Quali sono, a suo parere, gli aspetti che concorrono a definire l’identità culturale collettiva delle diverse comunità che vivono nel territorio? E quali i caratteri fondativi di questa identità nei quali le comunità si riconoscono visivamente?
«Sono il paese, la chiesa, il campanile, il castello, la piazza del mercato, la cattedrale, i ponti, il palazzo del Comune; su questi elementi si sono affiancati e sovrapposti, a volte inseriti bene a volte come violente lacerazioni, i segni della industrializzazione, delle periferie urbane, delle grandi linee di comunicazione».
In questo contesto, quale può essere il ruolo di cittadini, istituzioni e privati?
«Contribuire alla conoscenza e al rispetto dei centri storici, del paesaggio, delle opere d’arte e di quelle che conservano un valore meramente testimoniale nel contesto storico territoriale nel quale sono state prodotte. Sarà così possibile acquisire da questo patrimonio ulteriori valenze e significati permettendo l’elaborazione di nuovi valori culturali che concorrono a promuovere la crescita civile delle comunità locali».
Il campus della Cattolica a Santa Monica è ormai realtà consolidata, fervono i lavori all’ex caserma Manfredini che ospiterà il Politecnico e al complesso di San Benedetto dove si trasferirà l’Archivio di Stato, ultimi in ordine di progettualità il comparto Radaelli e San Francesco. Un tempo vuoti contenitori, in futuro grandi opportunità per Cremona.

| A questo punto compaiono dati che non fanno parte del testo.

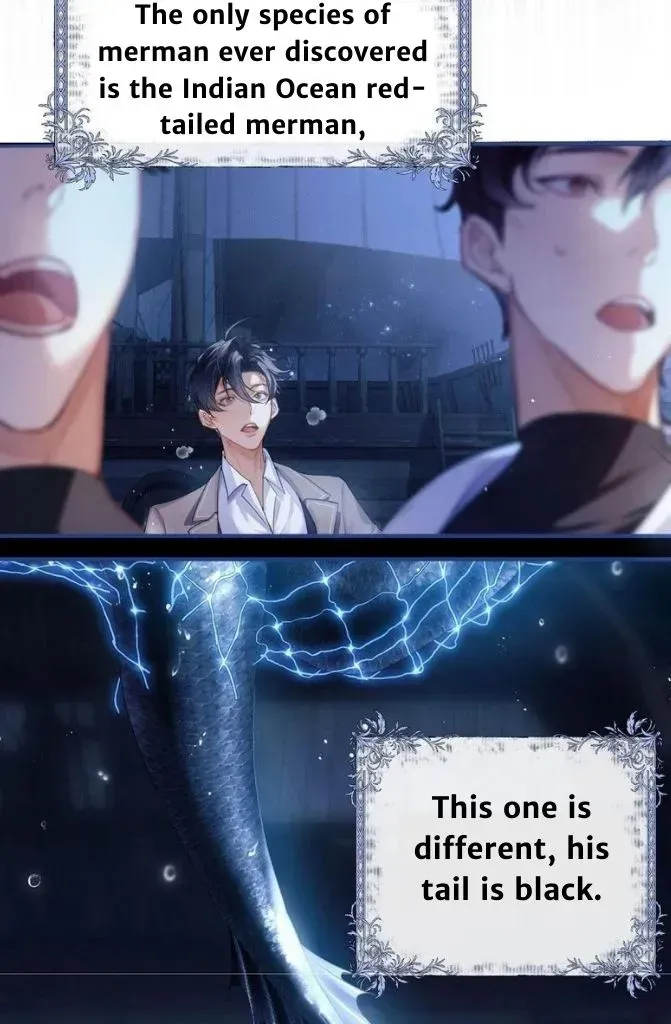 Read Desharow Merman chapter 1.2 image 27 on Lezhin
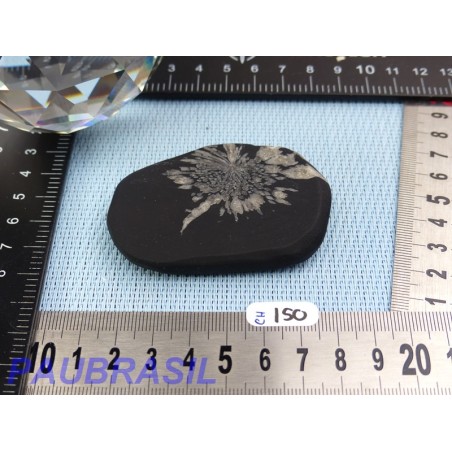 Pierre Chrysanthème Chrysanthemum stone 65gr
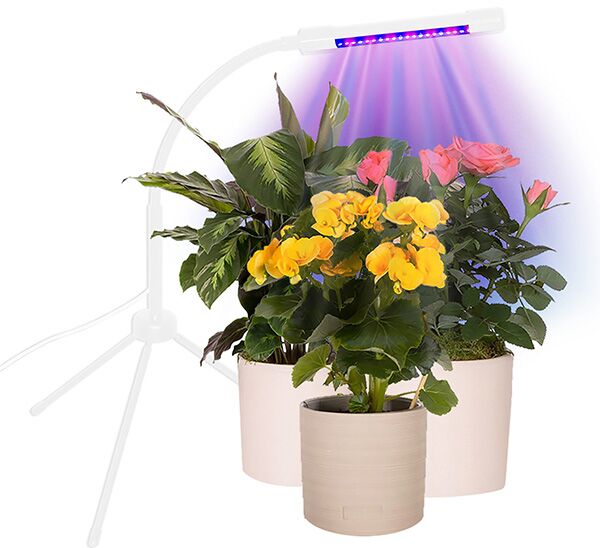 The Grow Light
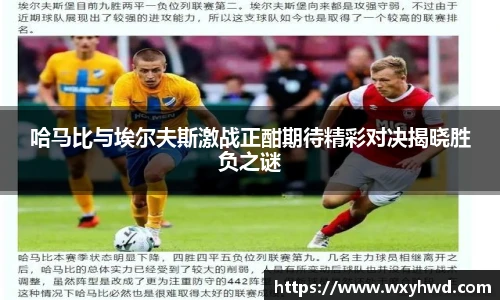 哈马比与埃尔夫斯激战正酣期待精彩对决揭晓胜负之谜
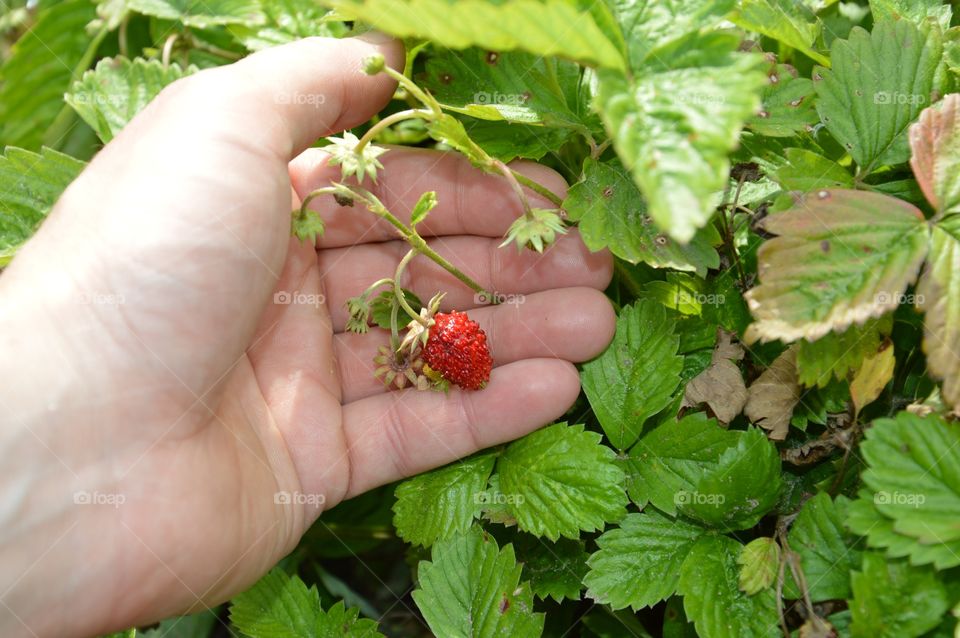 strawberries on field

«Santa Monica è stato un banco di prova importantissimo, San Francesco, invece, una ‘palestra’ dell’esercizio di riqualificazione e recupero di importanti parti della città con nuove funzioni d’uso che poco alla volta vanno definendosi. Di miracolo mi sento di parare riguardo a San Benedetto, dopo anni di lavoro si iniziano a vedere i primi frutti. Se tutto procede come spero, a febbraio sarà formalizzata la donazione al demanio da parte della Stauffer. Noi siamo già pronti con lo studio di fattibilità. Ecco che una zona molto degradata ma interessante dal punto di vista storico sarà recuperata. Ho qualche idea anche per Corpus Domini e Cavallerizza, ma se ne riparlerà».
Sarebbe utili un censimento dei beni cittadini pubblici?

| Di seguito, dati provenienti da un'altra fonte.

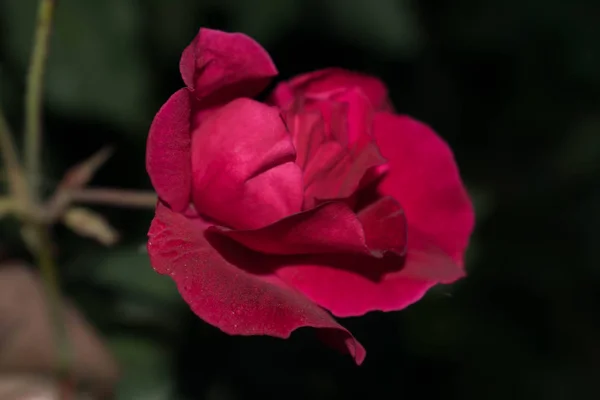 Rote Rose Eine Knospe Große Blütenblätter Für Design Hintergrund — Stockfoto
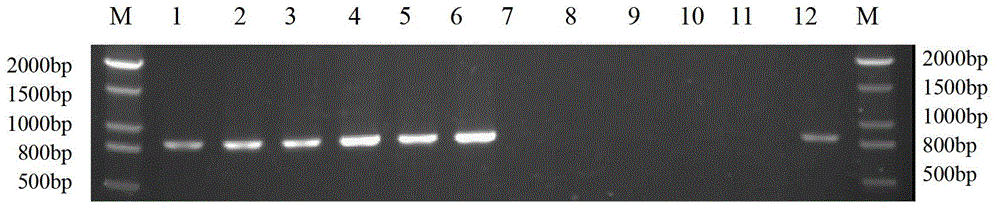 Method for identifying mating types of Lepista sordida protoplast monokaryons and special primer pair SR-1*10 therefor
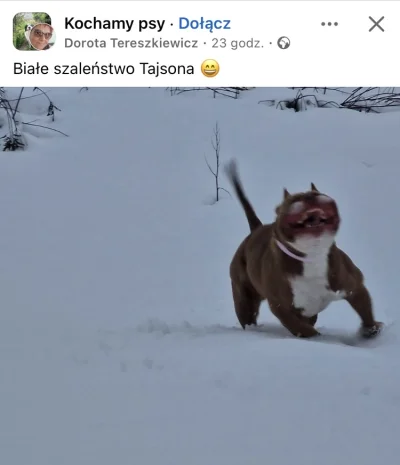 jatutylkonamoment - Ale słodziak. Jeszcze ma krew na pysku.
#psiarze #bekazpsiarzy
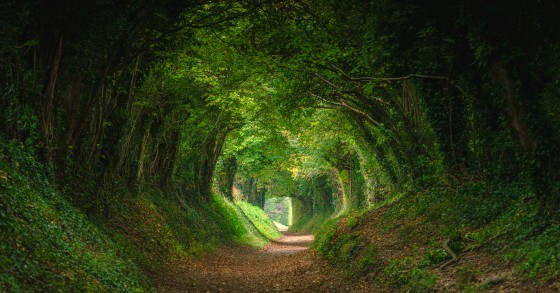 strada delle fiabe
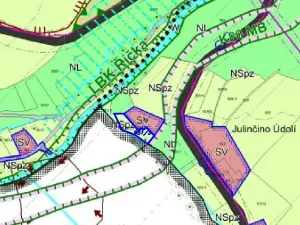 Dražba zahrady, Rokytnice v Orlických horách, 858 m2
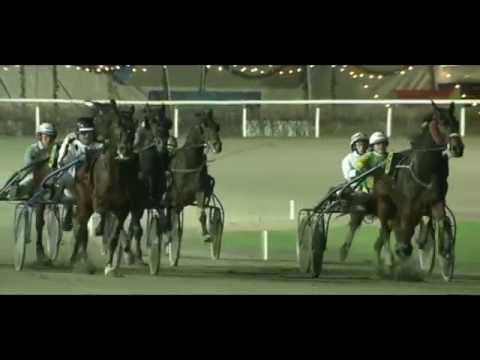 Preis von Bern 2014_Helms Klamm_Michael Voigt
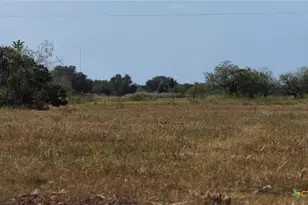 251 Old Goliad Rd, Refugio, TX 78377 - Photo 4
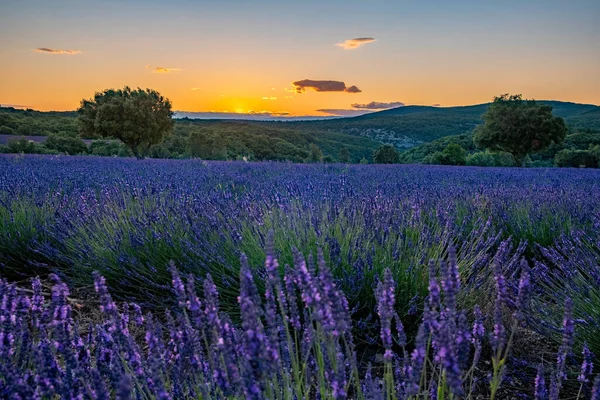 Лавандовые поля в Ардеше на юго-востоке Франции — стоковое фото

«Decisamente sì, utilissimo per quantificare il patrimonio, fissarne il valore, razionalizzare alcune scelte, proporre idee legate a future funzioni. Inventarsi una destinazione d’uso non è semplice, tendenzialmente direi che andrebbe conservata quella originaria, ma capisco che, nella pratica, alcune strade alla fine risultano impraticabili».
Molti beni in mano privata sono abbandonati e in degrado.
«Ricordo il caso di villa Obizza, nel cremasco. Sono state aperte molte campagne per restaurare l’edificio, ma nessuna andata a buon fine. In questo e in tanti altri casi simili la Soprintendenza nulla può».
Si parla spesso di vincolo di tutela, che tanto spaventa privati e amministrazioni. Può spiegare in cosa consiste?
«Più di vincolo parlerei di provvedimento di tutela. Significa che gli interventi devono rientrare in una logica di conservazione che non significa avere le mani legate e non ‘trasformare’, ma agire secondo certi criteri stabiliti per legge. È soggetto anche ad una serie di sgravi fiscali e benefici sostanziosi».
Tutta colpa della Soprintendenza se i lavori sono fermi e si perdono i finanziamenti, si sente dire.
«Siamo frequentemente il capro espiatorio ideale ai limiti degli uffici tecnici, ma non intendo con questo fare polemica. I tempi strettissimi, i progetti non corretti, la burocrazia non sono di aiuto, la comunicazione talvolta non è efficace. Ma siamo sempre disponibili al dialogo e al rapporto leale con le amministrazioni. Al loro fianco, non un nemico da combattere».